Anyway Thank you for your response
btw: issue I'll keep open, maybe someone will find a good solution.
I didn't end up having to implement my idea. It turned out I had forgotten to open the JVB udp port in the firewall for my openstack instance running the proxy. Everything is working now. I also bumped the version of all the container images for this jitsi deployment to stable-7648-4
.
@DeamonMV, can you please share the problems you found? Maybe there's something we can fix in the chart.
@starcraft66, glad to hear. Yep, stable-7648-4
works with this chart without any problems, but there are some updates to be made before stable-7830
is useable. I'm going to do an extensive testing later today and make a PR if it works as expected.
(Originally this was supposed to be a reply to #58 (comment), but either my e-mail client was being lazy or GitHub forgot to post the comment in time, so it appeared here. Sorry.)
@starcraft66, this is true, JVB cannot parse proxy protocol headers properly. But I'm not sure if it's possible to use proxy protocol for UDP at all. :)
In my case the Ingress Controller (nginx
) proxies all UDP streams to/from JVB purely in userspace, losing client's IP address in the process (JVB sees all clients as connected from the nginx
pod IP).
Since #60 is merged now, newer versions (stable-7830
and up) should work too. Feel free to reopen if you have any problems.
I'm experiencing the exact same issue with a (non-cloudflare) TCP/UDP proxy in front of my ingress controller and jvb
LoadBalancer
service. I'm wondering if it has to do with jvb not getting the client's real IP address. I am using traefik as the TCP/UDP proxy in front of my cluster which supports passing client IP information via thePROXY
protocol.
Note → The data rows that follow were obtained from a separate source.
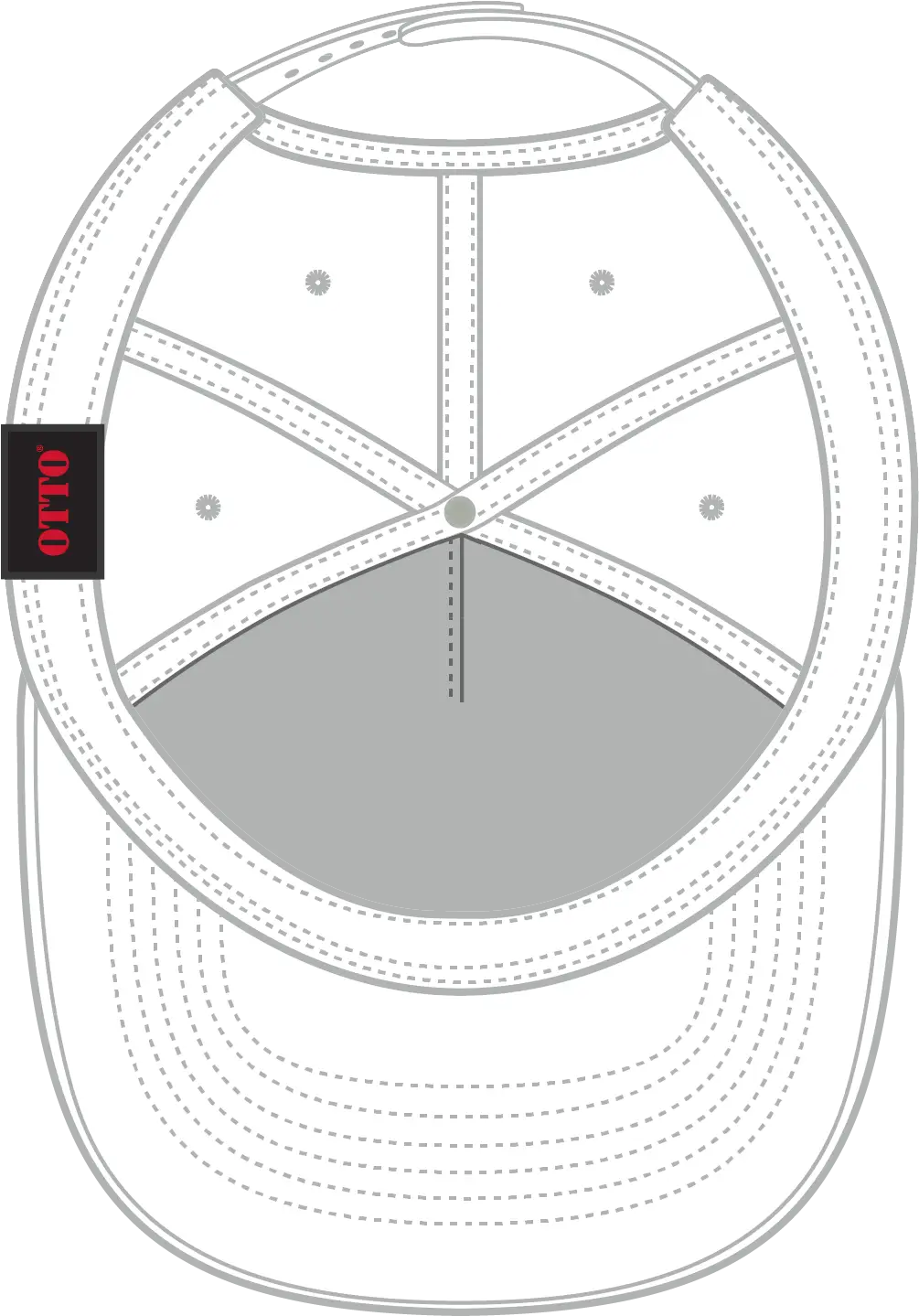 Otto 31-069 5 Panel Mid Profile Baseball Cap - White - 6 1/2’’ - 7 5/8’’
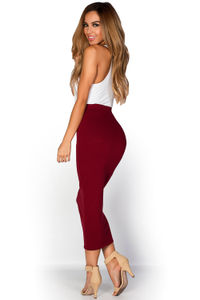 Burgundy Red Cozy Knit High Waisted Midi Pencil Skirt image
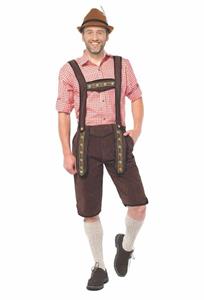 Oktoberfest - Voordelige donkerbruine lange lederhose voor heren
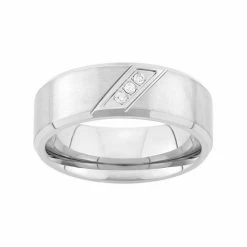 Budget 💯 Unbranded Diamond Accent Stainless Steel Wedding Band - Men 🔥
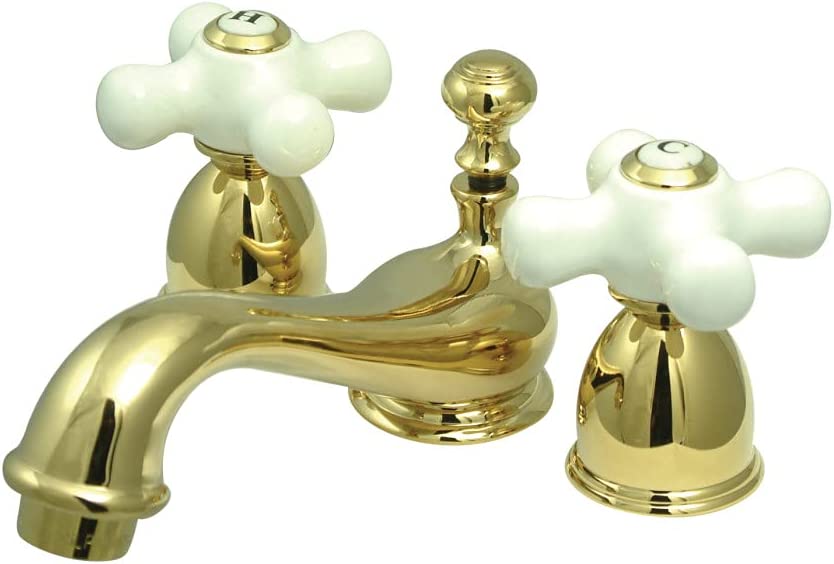 Kingston Brass KS3952PX Restoration Mini Widespread Lavatory Faucet with Porcelain Cross Handle, Polished Brass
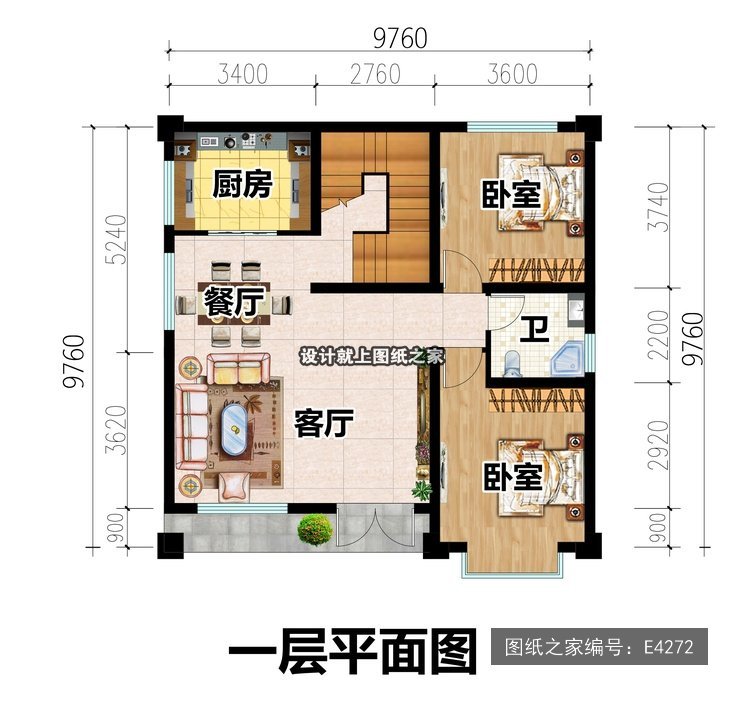 开间9.76米进深9.76米二层简欧风无罗马柱大露台 1层户型图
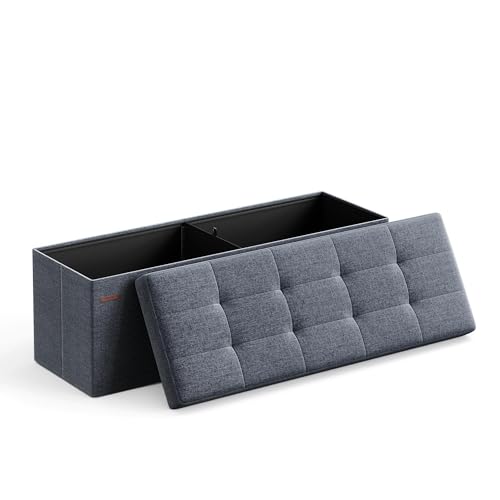 43.3 Inches Folding Storage Ottoman Bench (Misty Blue / 15"D x 43"W x 15"H (without Flipping Lid))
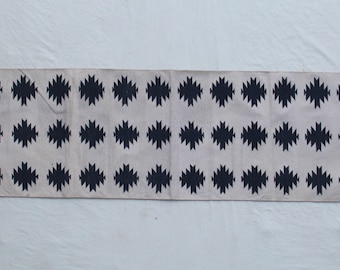 Multi Size Black And Off White Modern Cotton Flat weave Hand woven Runner Rug- Reversible Runner Kilim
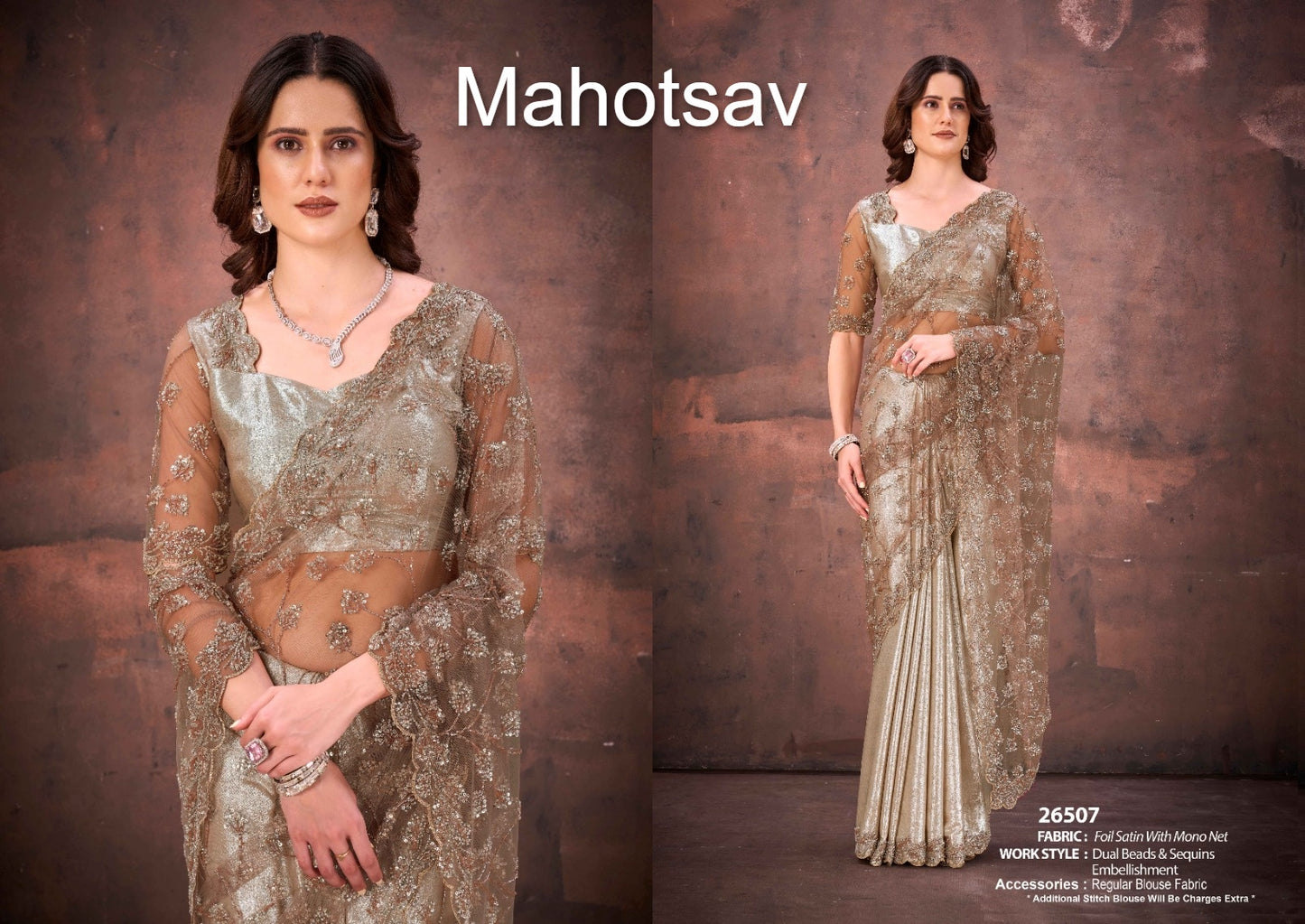 26507 Mohmanthan 26500 Aureliaa Mahotsav Foil Satin Sarees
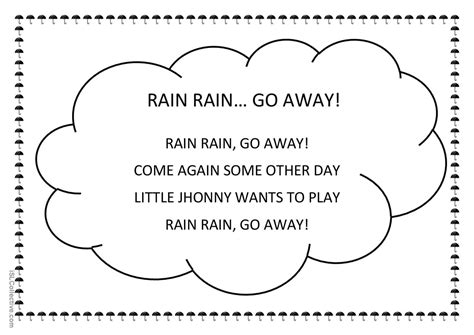 Rain rain, go away! nursery rhyme an…: English ESL worksheets pdf & doc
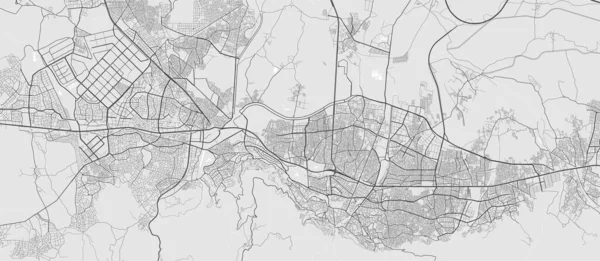 ブルサ市の地図 都会の黒と白のポスター 大都市圏ビューロードマップ画像 — ストックベクタ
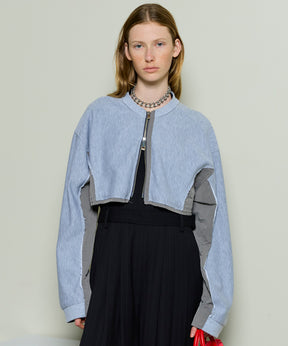 Different Material Docking Sweat Cardigan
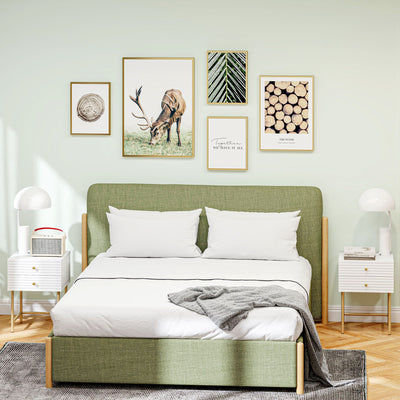 Set of Two White and Gold Bedside Tables with Gold Legs Elegant Design by HOMCOM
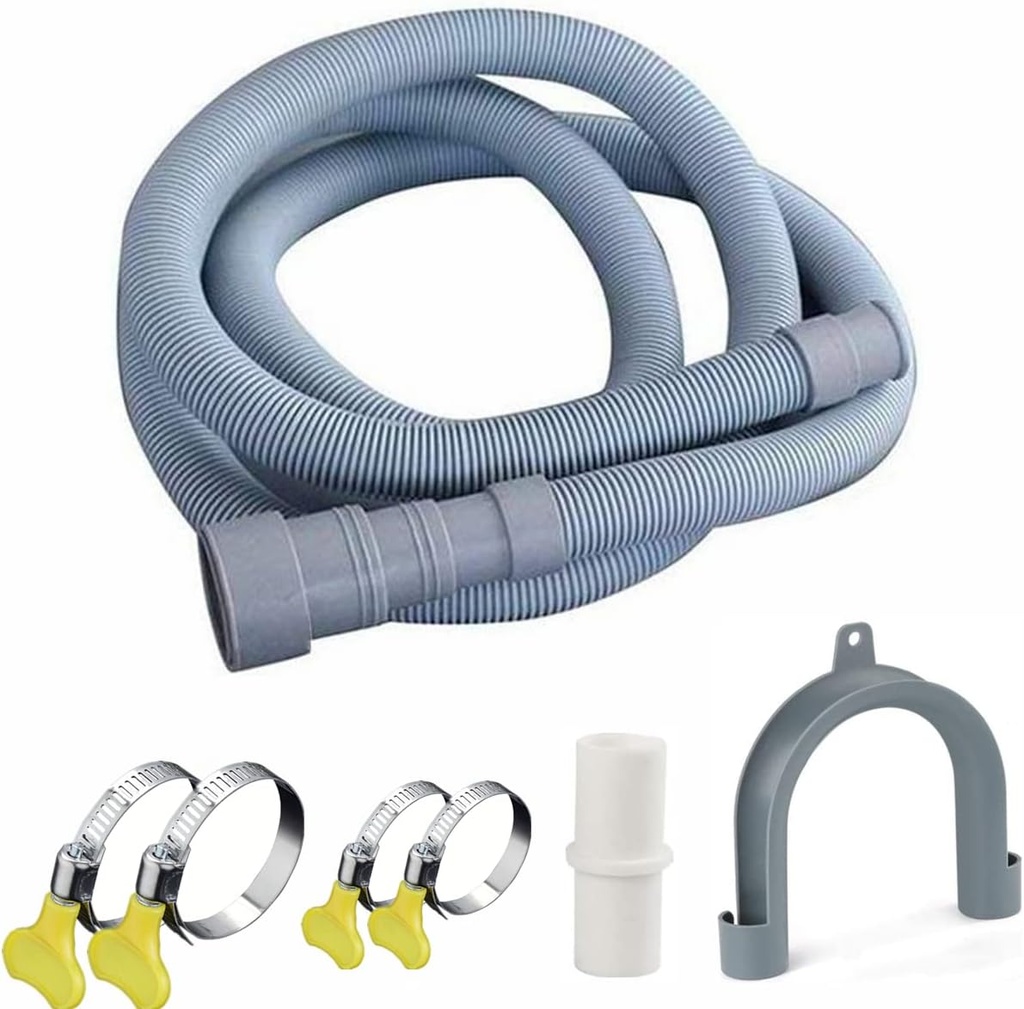 10ft Washing Machine Drain Hose, Universal Drain Hose Extension Kit for Washer, Dishwasher, Flexible Discharge Hose for LG/GE/Samsung, Fit up to 1-1/2 Inch Drain Outlets (10)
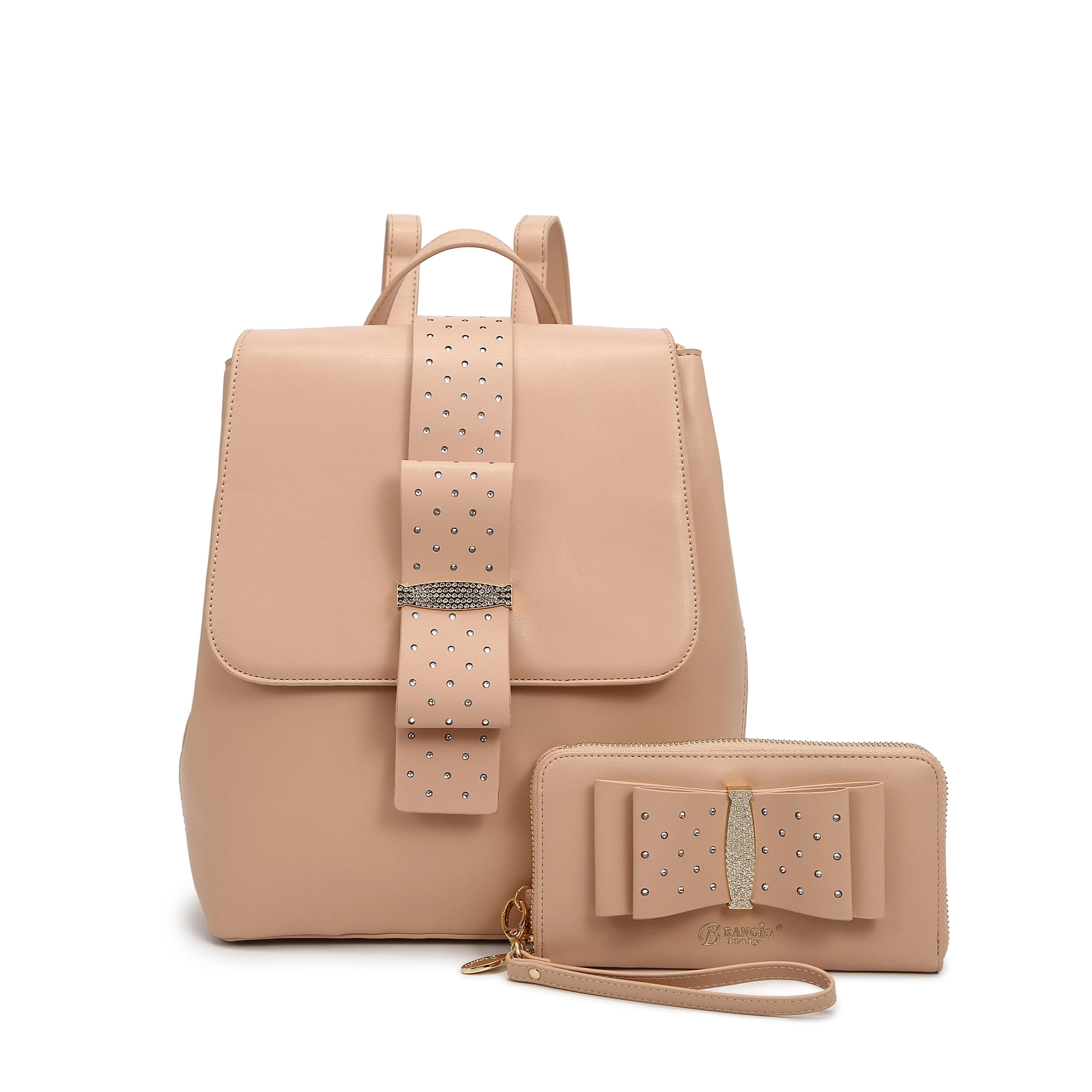 Ribbon Romance Travel Backpack with Rhinestones [RKB4256]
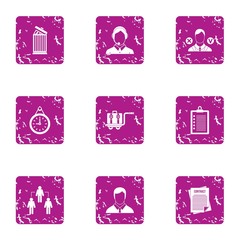 Poster - Garbage disposal icons set. Grunge set of 9 garbage disposal vector icons for web isolated on white background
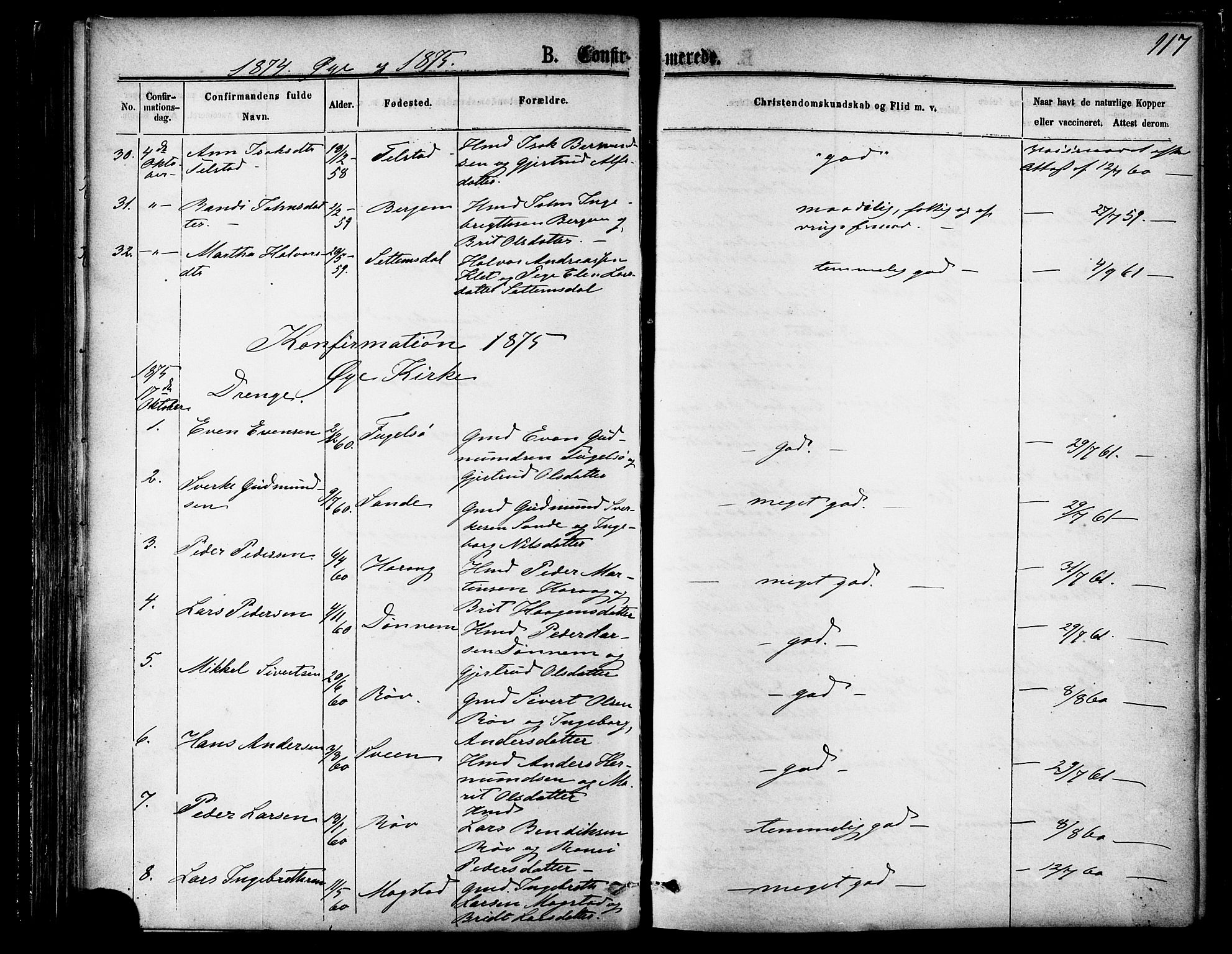 Ministerialprotokoller, klokkerbøker og fødselsregistre - Møre og Romsdal, SAT/A-1454/595/L1046: Parish register (official) no. 595A08, 1874-1884, p. 117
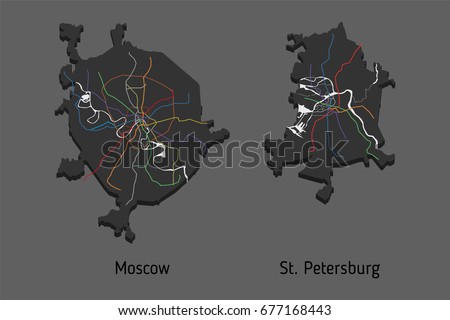 3D perspective subway map of Moscow and St. Petersburg (Russia)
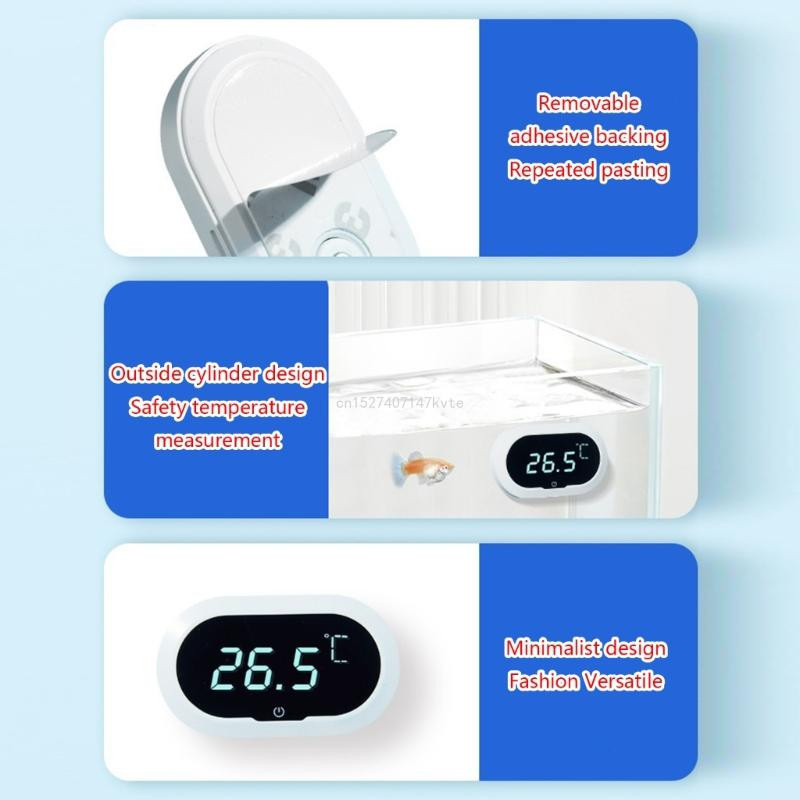 Akvārija termometrs digitālais zivju termometrs, precīzs LED displeja termometrs akvārija temperatūras mērītājs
According to this forum post I stumbled across, it doesn't seem like jvb can directly accept traffic with thePROXY
protocol, rather I need to configure a TURN server (I have experience with coturn which supports thePROXY
protocol). I will try to get this functioning and report back.
Hello,
Can you share you traefik config ?
Can you scale your jvb pods in your config ?
Hello @jvkassi!
@Jimmy-SafeCash had some success with running this chart with Traefik as ingress proxy in #64, so you can ask them about it in the discussion thread.